If you know me by all at now, you know that I love to read and I love to listen to podcasts. When our local library joined cloudLibrary, I was so excited. Audiobooks for free is amazing. I sometimes find 10 books I want to listen to all at once. And other times, the selection that interests me is at, zero. It has been interesting to see what books would not hold my attention if I had to read them, but I’m drawn to the voice reading them. Sometimes, though, when a book would be hard to sit down and read, the person reading it doesn’t make me want to listen any longer either. Luckily, this book was both a great read and smooth to listen to.
I just came across Get Your Sh*t Together by Sarah Knight this last week. And oh my goodness! I wasn’t drawn to the book because I felt I need to get my stuff together. But I feel so drawn to improve myself anyhow, after listening. I have no desire or calling to move to a tropical island. I have a great husband I don’t need to leave. And my job, well, I already have a dream job.
Even though I largely have my keys, phone, and wallet in place, I still felt as though I could relate to Sarah. In the book, she compares people to Alvin, Simon, and Theodore. It was funny to listen too, and I for sure have tendencies of all three chipmunks. So much so, that I don’t even think I can pick the one chipmunk I most strongly resemble.
As I write about this book, it sounds comical in my head that I liked it so much. She said you’d be a chipmunk, but I’m all three. She said you need to keep track of your keys, phone, and wallet, and I do. She talked about all the areas people need to get there crap together, and I am largely okay in all those areas. However, don’t believe the illusion that my life is perfect. Or that nothing about my life can improve. Nothing could be farther from the truth. I just have been practicing what all the self help books preach for so long, that I am happy in my current life as I work to make improvements I want and desire.
A few years ago, I read The Happiness Project by Gretchen Rubin and it changed me for the better. It started me down the whole self help rabbit hole. (I even blogged about the books I read here). Hal Elrod talks often about how he would rather read the same book 10 tens, and apply a new thing every time than read 10 books and never apply anything. I would agree. However, I largely don’t reread books. I do try to jot down one or two takeaways from each book I read though. That way, when I look back over the list, I can do a little gut check that I have actually continued any habits and patterns I created from reading any particular book in the first place.
One of the quotes from the book “You can’t give of yourself to others if there’s nothing left of yourself to give, can you?” stuck out with me. I know, I know, I preach that you need to take care of yourself. I firmly believe in putting your oxygen mask on first, before helping others. So maybe it doesn’t hit home because I need to hear it. Maybe it stuck out because it resonates so well with me. Or maybe, it was the giving yourself to others that struck me. I have such a desire to give of myself to others, but lately I have found myself making myself a priority.
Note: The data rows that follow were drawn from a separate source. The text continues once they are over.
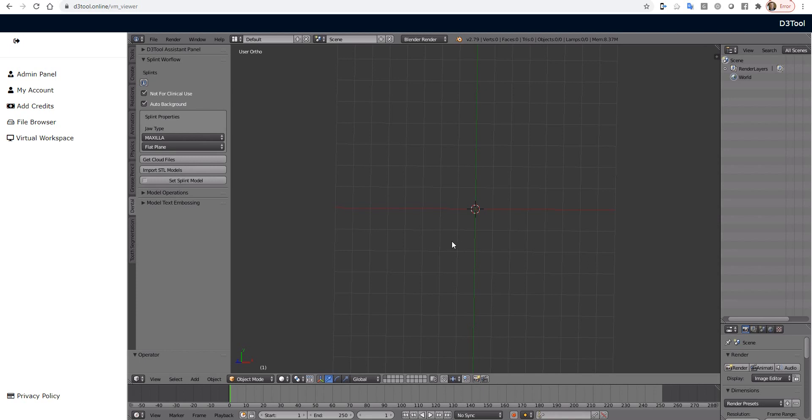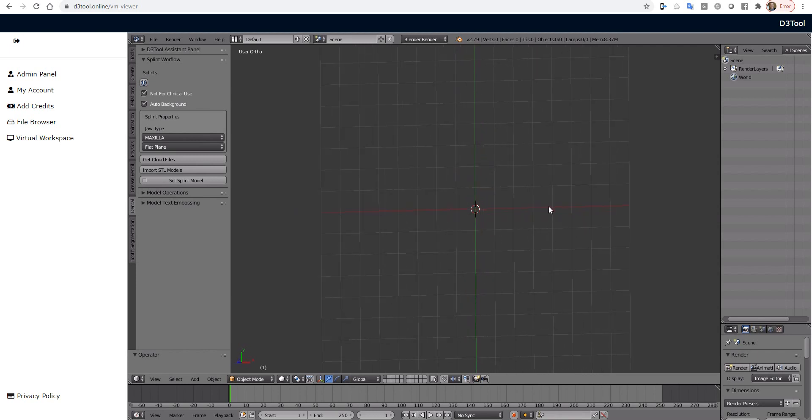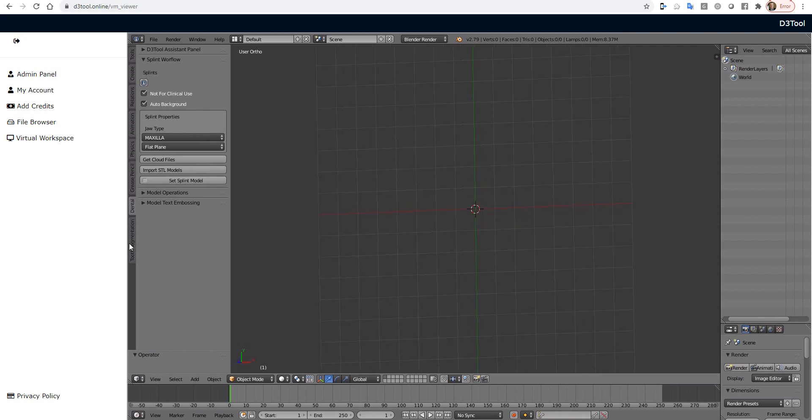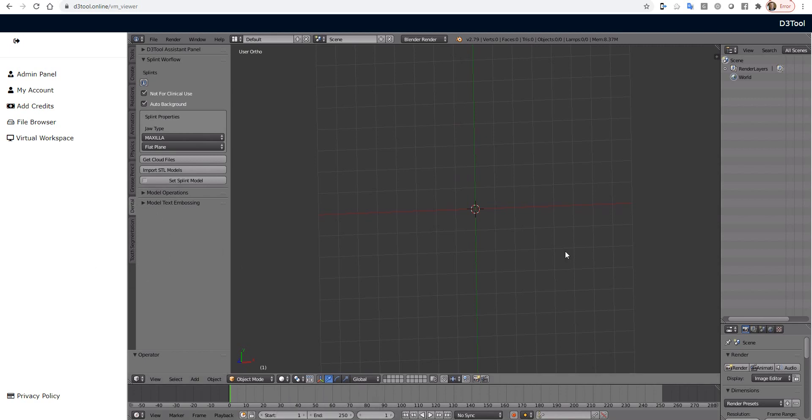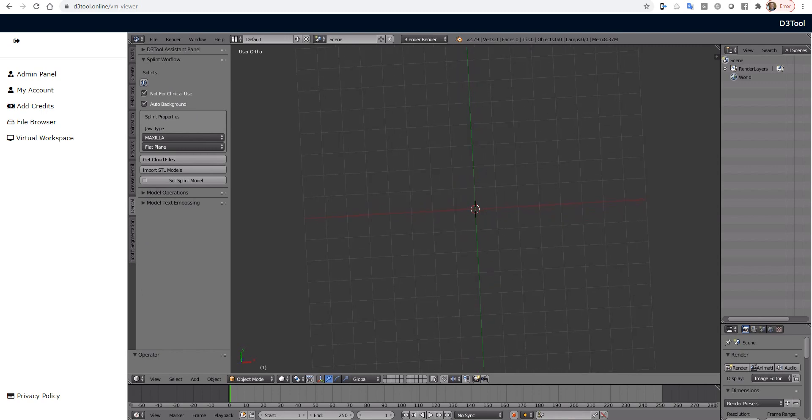All right, I want to show a new workflow that we're going to add into D3Tool online. So I'm here loaded up in our virtual machine. And down here, there's another new tab called Tooth Segmentation. This is just a reboot of an old project that we never had time to make into an actual product. But now we're going to start building those out in our online format.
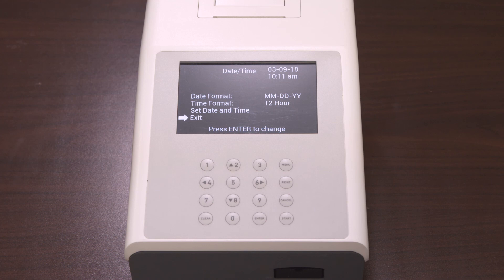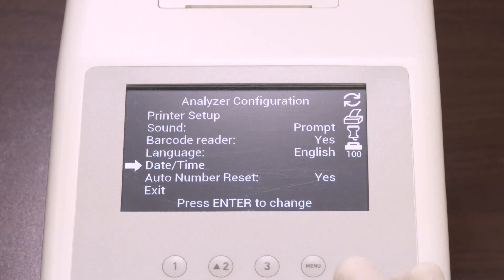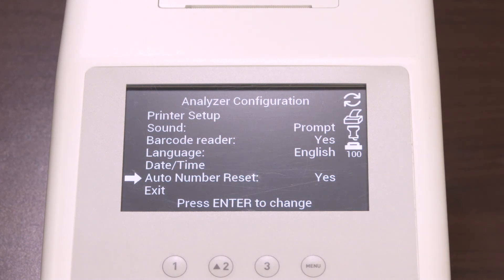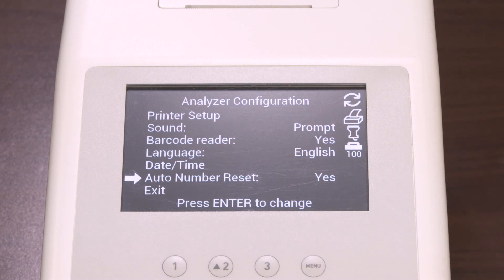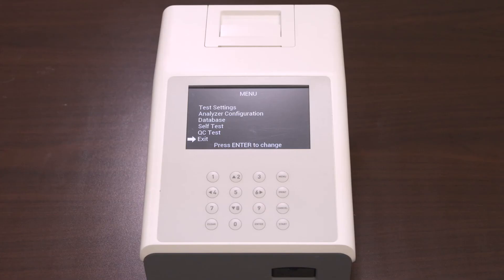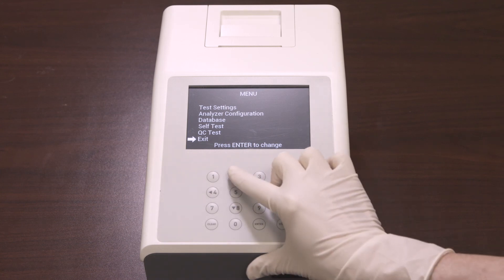Make sure the date and time setting is correct based on the date format and time format. The last option in the analyzer configuration is auto number reset. Select auto number reset and press enter to cycle to yes or no. If you select yes, the test number will reset each day. If you select no, the test number is unaffected by the date. Once you have selected your desired option, select exit to go to the menu screen.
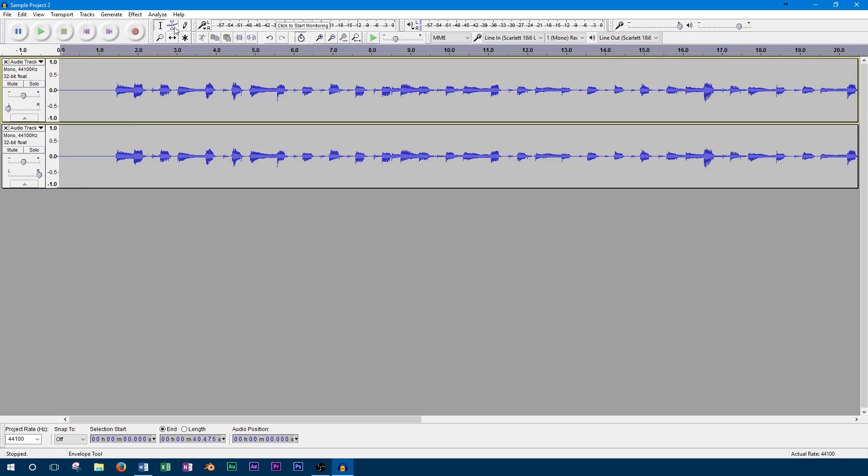From now on we can control the panning by adjusting the volume of each track. This is automated using the envelope tool, which allows for increases and decreases in track volume at different times.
And that has caused some of the others in my life to fall back from back burner to simmer.
The other part of the book that really spoke to me was “Strategize, focus, commit. That’s what getting your shit together looks like.” I love to plan, and I’m not a quitter. But the focus, yea, that is a struggle for me. Listening to the book, it became clear to me that while I plan one thing, I don’t make a strategy of the big picture. So then, it is hard to focus because I bounce around when a new idea pops it’s head up.
I’d love to hear your thoughts on the book. If you haven’t read it, or listened to it, yet, I strongly encourage you to do so. If you have a book suggestion for me, drop that in the comments too. I’m always looking for my next favorite book, although, I feel as though this one will be my favorite for a while.